La création des Services sociaux des quartiers à Schaerbeek et Saint-Josse-ten-Noode
Quand Marie-Christine Renson évoque son engagement au sein des Services sociaux des quartiers 1030, elle parle d’un « concours de circonstances positives ». Pour comprendre l’émergence de cette asbl, il faut faire appel au contexte de production des mesures législatives relatives à l’aide sociale.[18] En 1974, à l’heure du vote de la loi sur les Centres publics d’aide sociale (CPAS) qui réforme l’assistance[19], certains parlementaires du Parti social-chrétien (PSC) et du Christelijke volkspartij (CVP) craignent, avec la définition de missions des CPAS, pour la survie des services sociaux privés qui se sont particulièrement développés depuis la Seconde Guerre mondiale, notamment sous l’impulsion des milieux chrétiens. Ils conditionnent le vote de la loi sur les CPAS à l’adoption d’une loi visant à subventionner, au moins en partie, ces services sociaux privés (arrêté royal du Ministère de la Santé publique et de la Famille du 13 juin 1974). C’est pour obtenir cette reconnaissance que Paul Lauwers[20], doyen à Schaerbeek, a l’intuition de regrouper tous ces services paroissiaux, basés jusqu’alors sur le bénévolat en une seule asbl. Les subsides publics permettent d’engager des assistantes sociales. Il manque alors un troisième temps plein pour compléter une équipe qui ne se connait pas, mais qui a été formée pour obtenir la reconnaissance. Pierre Massart souffle le nom de Marie-Christine Renson. « Je suis arrivée là par hasard, pas par conviction », rappelle-t-elle. Les Services sociaux des quartiers 1030 sont nés en 1974. La même année, l’institution est reconnue et subsidiée comme « Centre de service social ».
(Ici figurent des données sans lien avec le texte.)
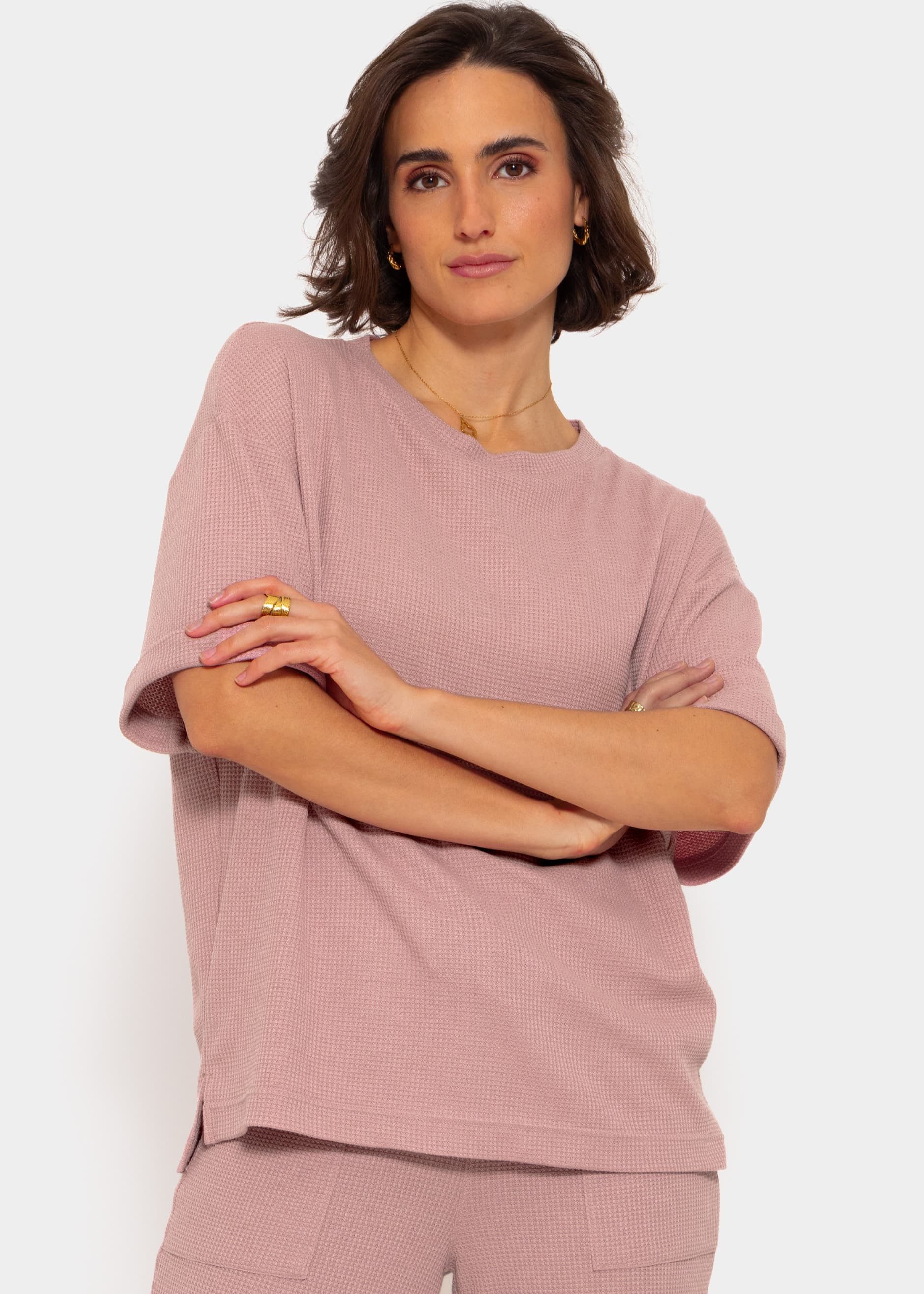 SASSYCLASSY Kurzarmshirt Shirt in Waffelpiqué Oversize T-Shirt mit Struktur und SASSYCLASSY Logo auf der Rückseite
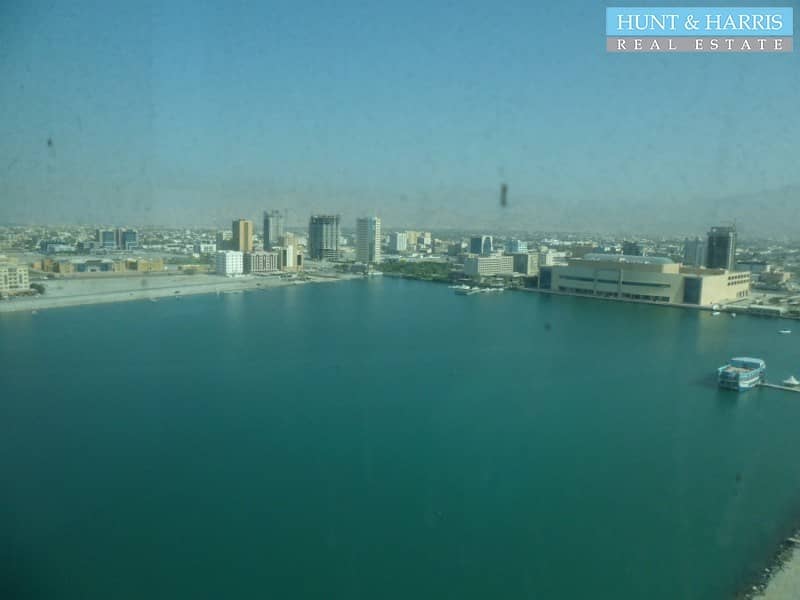 8 Strategic Central Location - Julfar Tower - Good View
Albert Martens, sociologue à l’Université de Louvain (KULeuven) et habitant du quartier, est membre du comité d’action du Quartier Nord (1968-1974) ; il accepte de présider le conseil d’administration de la nouvelle structure. Il impulse d’emblée « une vision positive du travail social » et un « esprit de cogestion ». Celui-ci est formalisé dans la rédaction d’une charte (1975), dans laquelle on peut lire : « L’asbl reconnaît au groupe des travailleurs sociaux, impliqués quotidiennement dans une pratique qui dicte leur travail, la faculté de déterminer ces priorités d’action, avec l’appui « technique » du conseil d’administration ayant du recul et d’autres acquis »[21]. Marie-Christine Renson raconte les débuts : « Au départ, c’était très théorique parce qu’on se connaissait très mal, on n’avait aucune pratique pour travailler ensemble, et on venait d’horizons différents [paroisses, écoles, service social de logement[22]]. (…) On a dû apprendre à se connaître et à travailler ensemble. (…) J’ai été marquée par le mouvement de travail social communautaire, qui nous a pas mal interpellés pour qu’on construise un projet qui sorte de l’assistanat, qui s’inscrive plus dans des actions sociales, collectives, communautaires, émancipatrices. C’était le leitmotiv complet, mais (…) il a fallu quand même beaucoup de temps pour que le projet devienne un projet de tout le monde, que [tout le monde] se l’approprie ».